Required work
Each line below from the "Serengeti Gold Slot Free Spins Wheel Serengeti" line through the "基于英语学习活动观的绘本融合教学" line, those two included, must be restated word for word; the pictures must not be.

Record extracts

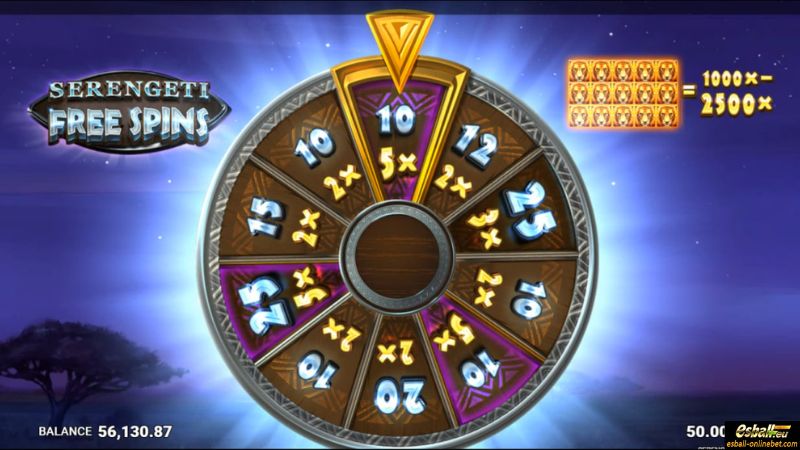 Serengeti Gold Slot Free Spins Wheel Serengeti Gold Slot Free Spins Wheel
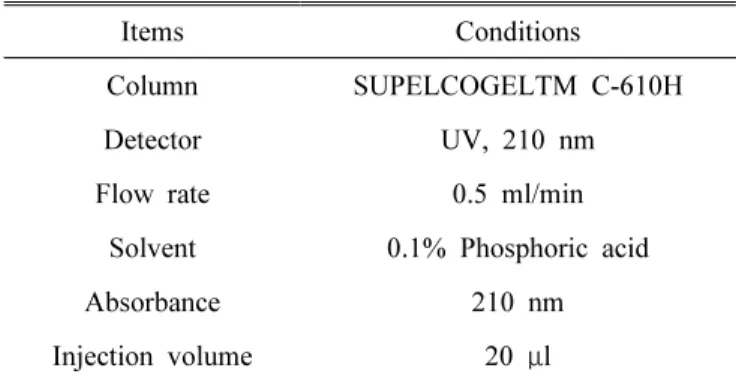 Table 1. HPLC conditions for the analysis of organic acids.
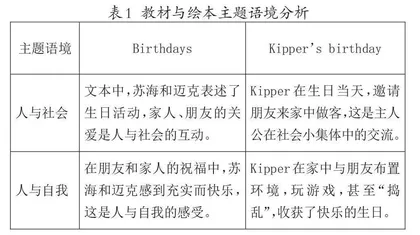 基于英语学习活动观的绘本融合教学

* * *

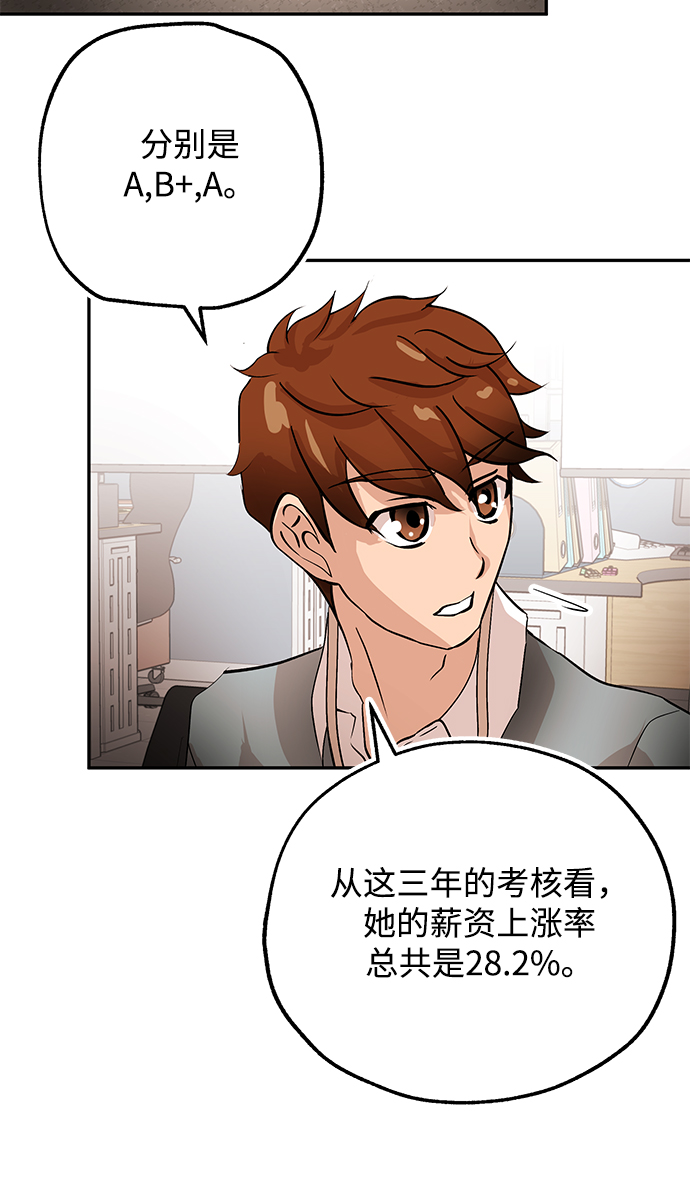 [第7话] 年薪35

Answer section
 Serengeti Gold Slot Free Spins Wheel Serengeti Gold Slot Free Spins Wheel
 Table 1. HPLC conditions for the analysis of organic acids.
 基于英语学习活动观的绘本融合教学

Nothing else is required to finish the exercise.